Gérard Chaliand : Qu'est-ce qu'on risque ? Il ne va pas nous faire la guerre. Il y a beaucoup de bluff dans tout ça. Qu'est-ce que la France risque si l’Europe consentait, ce qui n'est pas du tout sûr, à appliquer des sanctions ? Les sanctions économiques et financières, sont celles qui gêneraient le plus Erdogan. Il faudrait une petite rétorsion économique, pas excessive mais suffisante pour qu'il en ressente les effets. Il faut conserver, contrairement à lui, la plus grande courtoisie. Il n’y a pas besoin de s'invectiver, nous n'y avons aucun intérêt. Il faut dire que nous ne sommes pas d'accord et l'exprimer avec calme et détermination. 

Bahar Kimyongur : La confrontation avec Erdogan est effectivement un jeu dangereux. Mais je ne vois pas ce que l’on peut reprocher au président Macron qui cherche à préserver la souveraineté de la France tout en exprimant sa volonté d’apaisement. L’ennui avec Erdogan, c’est qu’il a semé plusieurs pièges sur la route de sa gloire. Si on recule, il avance. Et si on s’arrête, il avance aussi. Autant résister pour espérer le faire plier.

Comment lui résister sans toutefois rentrer dans son jeu ?

Gérard Chaliand : Il ne faut pas tomber dans les invectives. Jusqu’à maintenant, la France s'est comportée avec beaucoup de tenue. En disant qu'on n’a pas la même façon de penser, qu'on respecte toutes les religions, mais que nous ne sommes pas de ceux qui nous privons de caricaturer ceci ou cela. 

Bahar Kimyongur : La France doit se concentrer sur ses priorités, à savoir briser la spirale djihadiste qui s’installe dans le pays tout en menant une campagne diplomatique et pédagogique à l’attention des pays musulmans qui ne saisissent pas l’ampleur du danger qui ravage le pays.

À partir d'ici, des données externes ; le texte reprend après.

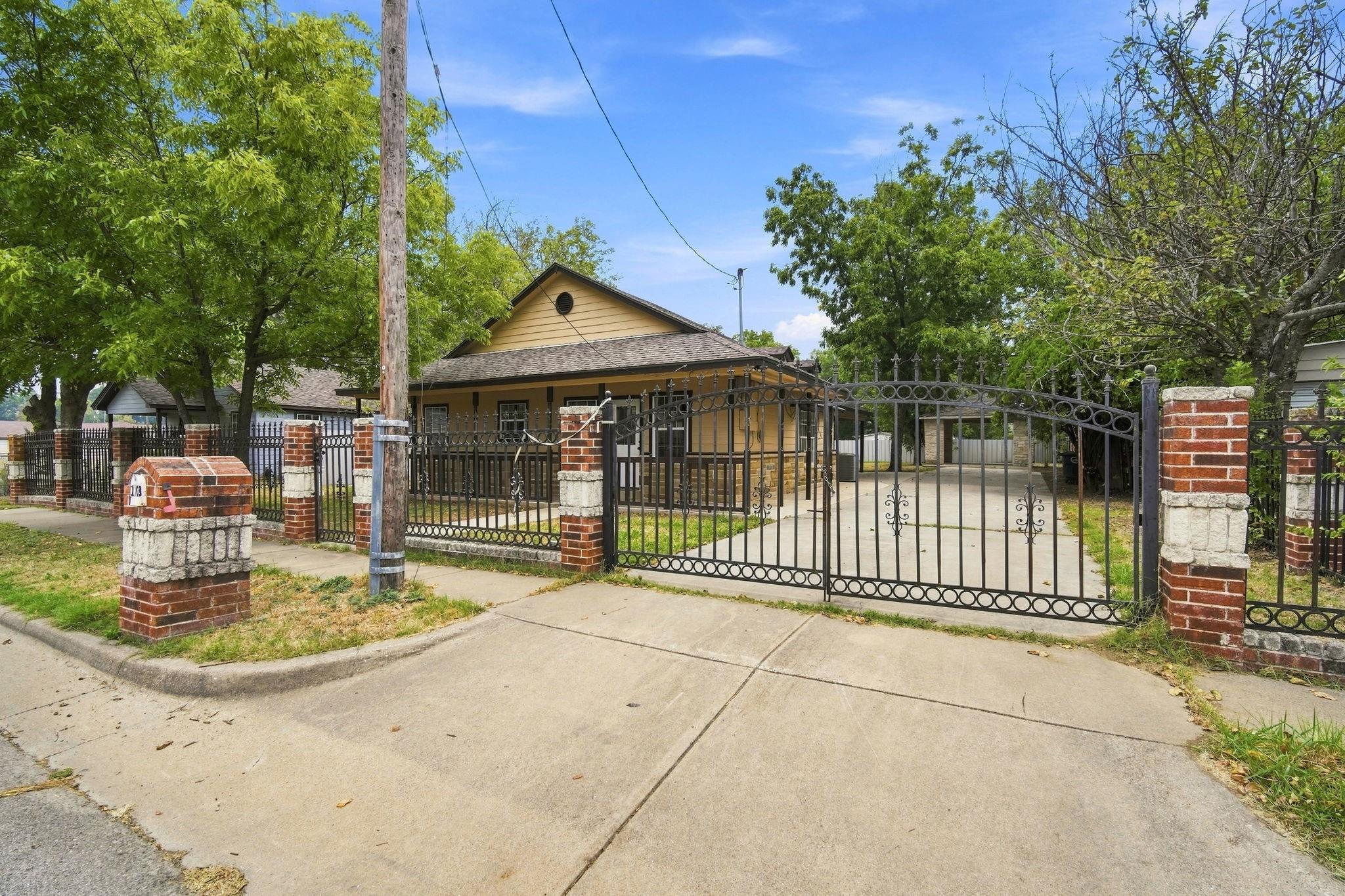 main property photo 1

Il faut garder à l’esprit que les pays musulmans sont de grands consommateurs de théories du complot. Beaucoup pensent en effet que Charlie Hebdo, l’église, les services secrets, les grandes entreprises, le gouvernement et les juifs font partie d’une grande conspiration anti-islam. On se n’imagine même pas qu’une presse puisse être libre ou qu’un gouvernement puisse protéger un journal qui le critique. La France doit inlassablement expliquer la guerre qu’elle livre contre l’islamisme, son ennemi mortel, tout en rappelant sa politique d’accueil et d’inclusion au service des musulmans. Les pays qui développent un discours hostile envers le président Macron semblent vite oublier que la France est le pays le plus peuplé de musulmans en Europe, que des millions de Français musulmans vivent en paix, que le niveau de vie des Français musulmans est plus élevé que dans les pays musulmans et que la France est beaucoup plus tendre avec les islamistes que tous les pays musulmans réunis. Sinon, comment expliquer que tant de criminels de l’Etat islamique emprisonnés en Syrie ou ailleurs supplient la France de les rapatrier ? Je remarque dans les médias arabes, turcs ou pakistanais que l’exécution de Samuel Paty est à peine évoquée, comme s’il s’agissait d’un détail voire d’un châtiment justifié. Résister à Erdogan, c’est aussi faire vivre la mémoire de Samuel Paty et des autres martyrs français de la terreur djihadiste. La bataille est loin d’être gagnée.